4) Tea Party Prominence
They represent a much smaller segment of the population than the center does, yet they are exponentially more powerful than the center is. No conspiracy theories here—they’re beating us because they’re working harder. In a democracy it is up to us to represent ourselves, so we have only ourselves to blame for this situation. The Tea Party’s role in the Republican tent is already being tested, the left wing is beginning to sound an awful lot like the groundswell during the later Bush years that led to the Tea Party, and the center is beginning to stir. The next two years will be very interesting at the grassroots level.
5) Blue Dog Disaster
Obviously related to number four, the red tide washed away a good half of the moderate Blue Dog Democrats in the House. This is what happens when we let factions like the Tea Party run roughshod over us and don’t organize en masse to fight back. With luck, we will see more moderates in both parties running as independents in coming years, following the lead of the likes of Michael Bloomberg and Lincoln Chafee. A major coup for the independent groundswell would be if Susan Collins, moderate Republican Senator from Maine, would ditch her party.

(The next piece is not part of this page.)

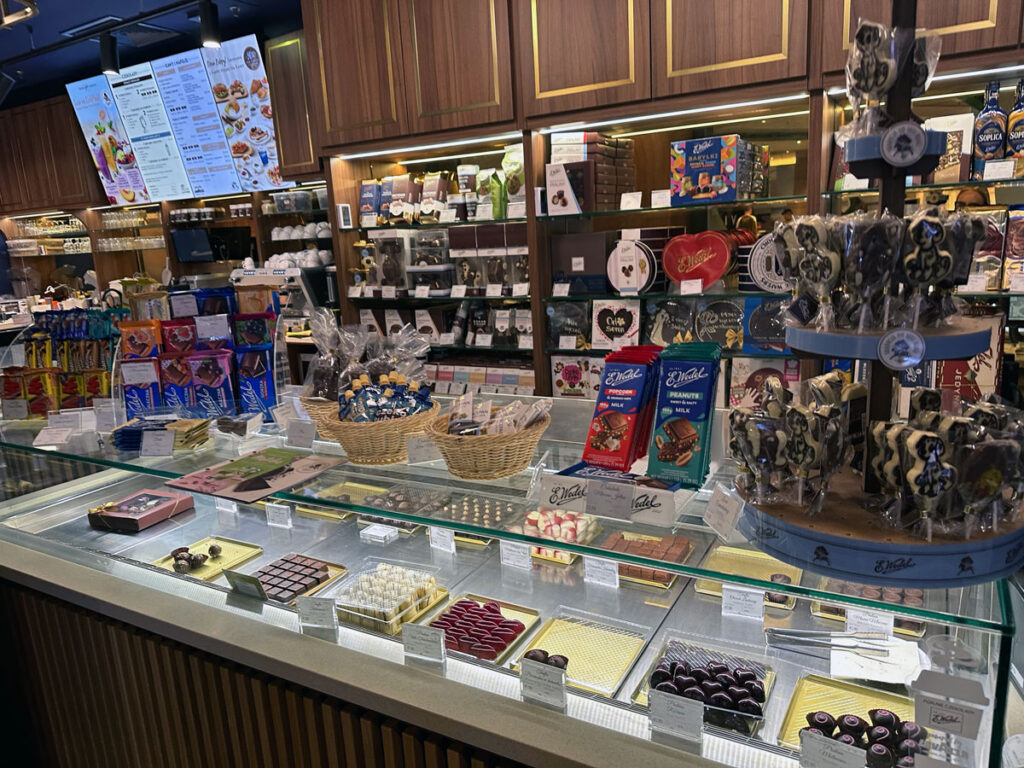 The praline and truffle counter at E. Wedel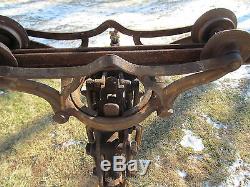 Antique Patent Aug. 19, 1890 Louden Hay Barn Trolley Unloader Elevating pulley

6) Voinovich, Gregg, Bennett & Bayh ceding their Senate seats
Not only are moderates losing their seats, but some are just quitting in the face of the insane partisan rage from both inside and outside of their parties. This will only continue if we do not give these people the cover they need not to be pushed out by the extremists in their own party. As much as I’d love to say otherwise, I see no indication whatsoever that either party will do anything other than move towards increasing levels of ideological purity. Expect more of this in the coming cycle.
A Bit of Both
7) California’s Prop 14: Open Primaries great — "Top Two" terrible
It is fantastic that California passed a law, with the support of New York City’s very own IndependentVoting.org, that now allows everyone to vote for whoever they want in primaries, no matter what party they register with (or lack there of). But while independent groups have been railing on the two major parties for using their power to make it harder for independents to get equal access in our elections, the “Top Two” part of the bill does that very same thing to minor parties that independents have found common cause with over the years on pushing for open primaries.
IndependendentVoting.org does some great work in other areas, but their hypocrisy on this issue has been disturbing to many of us who watch developments in election law across the country. They should pull the wool from their eyes and see how much truely open primaries have helped their close ally (who they literally share an office with), the Independence Party of New York. If they do not, they will be seen as just another partisan group that will use their power to game the system to their advantage, rather than work to make it more open.
8) The Tax & Unemployment Deal
It was great that the two major parties sat down and got something done, but neither budged or paid for the core of what they wanted. The Democrats got their unemployment extension without paying for any of it, and the Republicans got their tax extension without making any cuts. Both should have had to pay for at least some of their proposals by finding cuts elsewhere and/or perhaps by using unspent stimulus money. If we are lucky, the split government will force more cooperation over the next year, but cooperation is not compromise. As well all know, the two major parties are just as likely, if not more so, to cooperate on recklessly charging their priorities to the national credit card, selfishly passing the buck to our kids, rather than beginning to spend within our means.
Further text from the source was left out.